:: Problem details ::
Copy out the entries below exactly as they stand, but only from the line containing "bedroom with baseboards, visible" through the line containing "May include: A blue".

= = = =

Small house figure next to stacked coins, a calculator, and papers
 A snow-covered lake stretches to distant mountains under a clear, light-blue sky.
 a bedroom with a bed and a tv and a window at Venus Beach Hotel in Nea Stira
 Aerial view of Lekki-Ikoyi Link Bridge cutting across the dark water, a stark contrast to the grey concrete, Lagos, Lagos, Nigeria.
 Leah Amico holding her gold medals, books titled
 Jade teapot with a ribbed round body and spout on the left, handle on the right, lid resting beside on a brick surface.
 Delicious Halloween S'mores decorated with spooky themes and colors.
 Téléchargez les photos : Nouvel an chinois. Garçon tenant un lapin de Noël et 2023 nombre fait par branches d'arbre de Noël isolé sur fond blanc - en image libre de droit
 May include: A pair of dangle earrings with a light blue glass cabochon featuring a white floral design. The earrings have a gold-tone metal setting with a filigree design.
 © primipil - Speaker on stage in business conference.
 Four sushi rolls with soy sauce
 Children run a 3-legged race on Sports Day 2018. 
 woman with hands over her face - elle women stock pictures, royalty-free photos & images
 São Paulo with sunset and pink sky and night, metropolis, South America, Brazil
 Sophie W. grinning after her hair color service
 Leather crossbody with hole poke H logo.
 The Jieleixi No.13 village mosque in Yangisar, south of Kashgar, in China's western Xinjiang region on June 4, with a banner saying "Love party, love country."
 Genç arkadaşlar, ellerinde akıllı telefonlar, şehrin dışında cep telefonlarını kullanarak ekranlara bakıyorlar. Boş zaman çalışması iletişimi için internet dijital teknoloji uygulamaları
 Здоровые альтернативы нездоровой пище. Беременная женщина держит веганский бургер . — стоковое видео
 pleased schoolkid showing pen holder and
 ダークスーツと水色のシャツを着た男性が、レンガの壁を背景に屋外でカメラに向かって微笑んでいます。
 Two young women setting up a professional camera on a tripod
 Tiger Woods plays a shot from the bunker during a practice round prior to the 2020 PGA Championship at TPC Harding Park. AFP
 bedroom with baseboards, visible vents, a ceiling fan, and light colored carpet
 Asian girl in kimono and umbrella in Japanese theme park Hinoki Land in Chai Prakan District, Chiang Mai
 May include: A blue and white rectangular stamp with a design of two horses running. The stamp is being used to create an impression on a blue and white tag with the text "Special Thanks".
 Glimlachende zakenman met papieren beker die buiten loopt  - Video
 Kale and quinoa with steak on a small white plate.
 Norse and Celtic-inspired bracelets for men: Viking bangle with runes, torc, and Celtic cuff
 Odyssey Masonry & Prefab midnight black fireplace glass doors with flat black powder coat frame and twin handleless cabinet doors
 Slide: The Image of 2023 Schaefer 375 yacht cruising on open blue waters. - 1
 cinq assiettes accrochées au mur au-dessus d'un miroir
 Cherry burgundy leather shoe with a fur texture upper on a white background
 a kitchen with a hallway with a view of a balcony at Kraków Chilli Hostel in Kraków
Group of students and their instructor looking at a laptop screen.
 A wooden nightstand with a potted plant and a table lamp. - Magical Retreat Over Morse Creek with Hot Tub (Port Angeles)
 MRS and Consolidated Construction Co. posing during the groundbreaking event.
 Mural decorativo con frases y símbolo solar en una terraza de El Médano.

= = = =

:: Task answer ::
 bedroom with baseboards, visible vents, a ceiling fan, and light colored carpet
 Asian girl in kimono and umbrella in Japanese theme park Hinoki Land in Chai Prakan District, Chiang Mai
 May include: A blue and white rectangular stamp with a design of two horses running. The stamp is being used to create an impression on a blue and white tag with the text "Special Thanks".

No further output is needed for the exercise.